* **Requirement**:
Skip the pictures and write out, word for word, the lines below from the one with "House based on" through the one with "Cleo Hotel Jemursari Surabaya Exterior photo", inclusive.

* **Data records**:

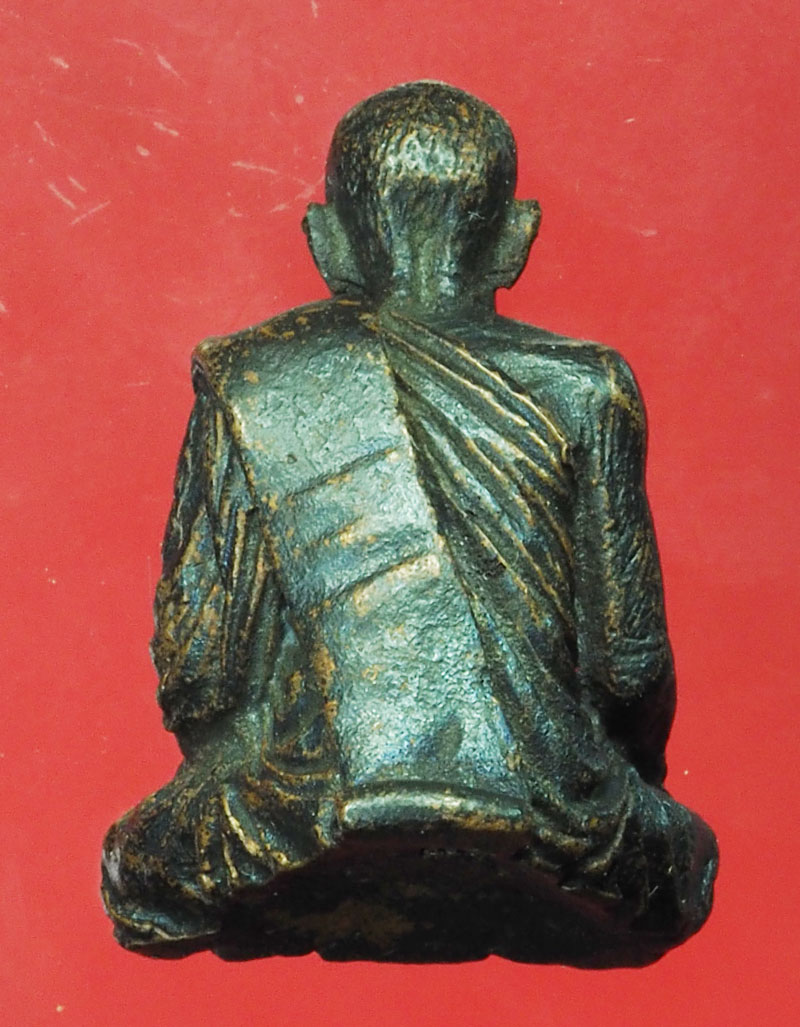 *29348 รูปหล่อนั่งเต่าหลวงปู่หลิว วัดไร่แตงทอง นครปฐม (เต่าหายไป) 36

==

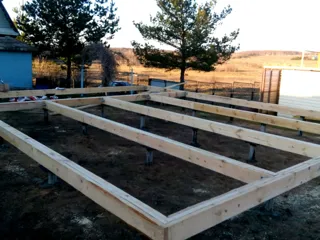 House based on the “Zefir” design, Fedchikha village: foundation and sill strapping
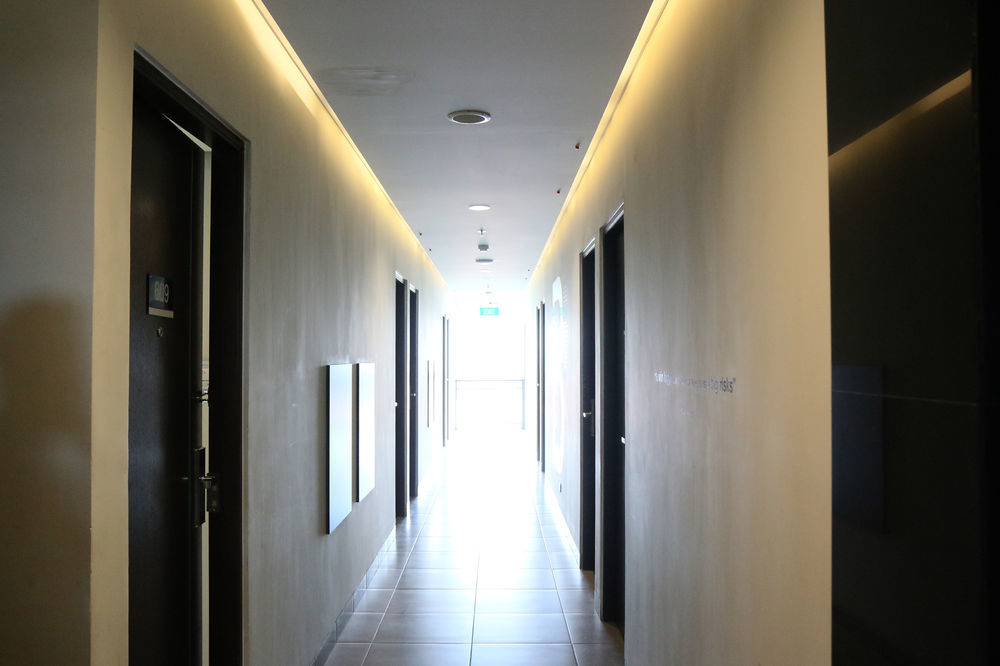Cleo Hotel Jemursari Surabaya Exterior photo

* * *

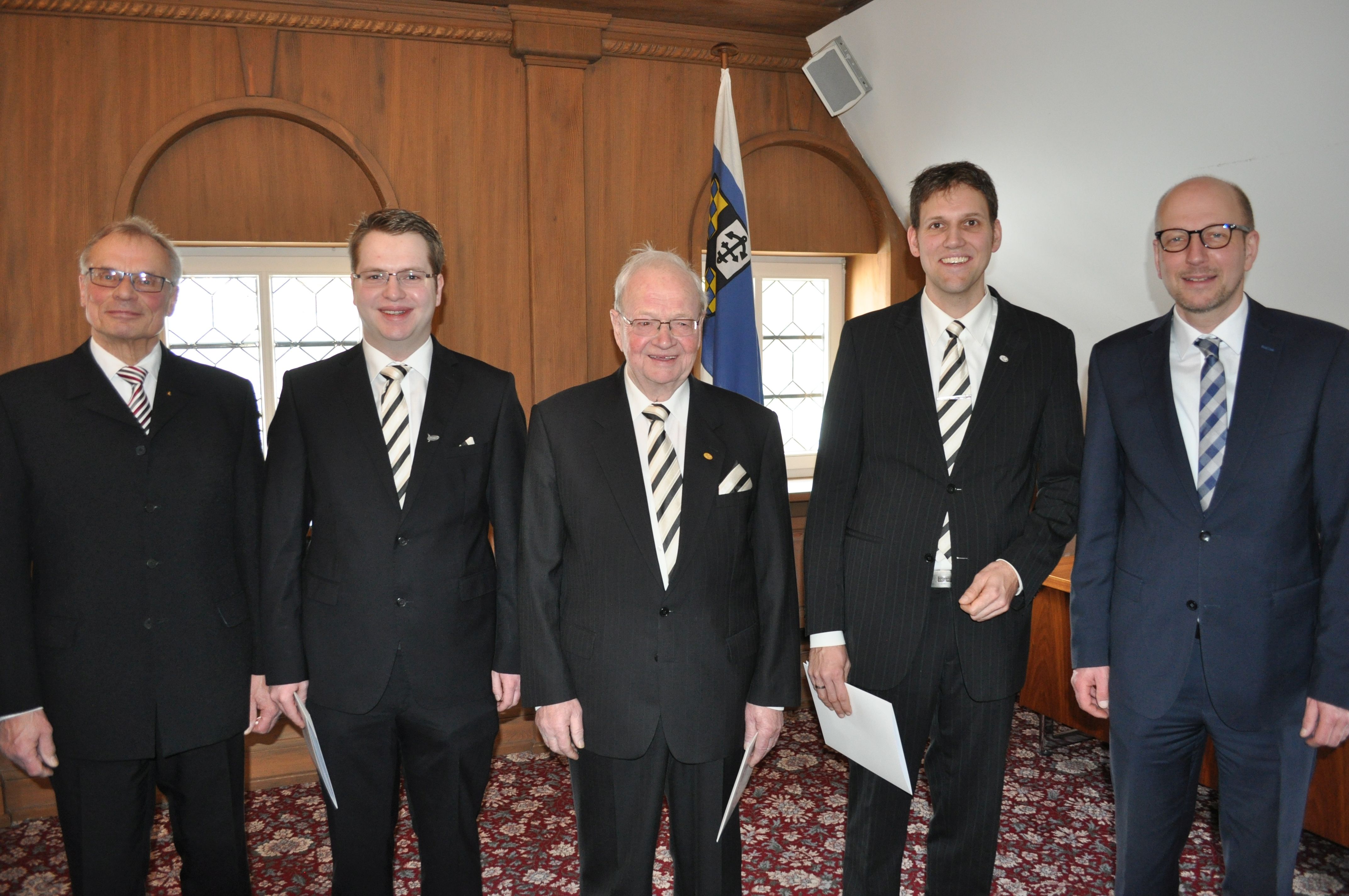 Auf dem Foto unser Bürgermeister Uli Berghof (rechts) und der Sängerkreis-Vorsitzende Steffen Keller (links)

* **Exercise answer**:
 House based on the “Zefir” design, Fedchikha village: foundation and sill strapping
Cleo Hotel Jemursari Surabaya Exterior photo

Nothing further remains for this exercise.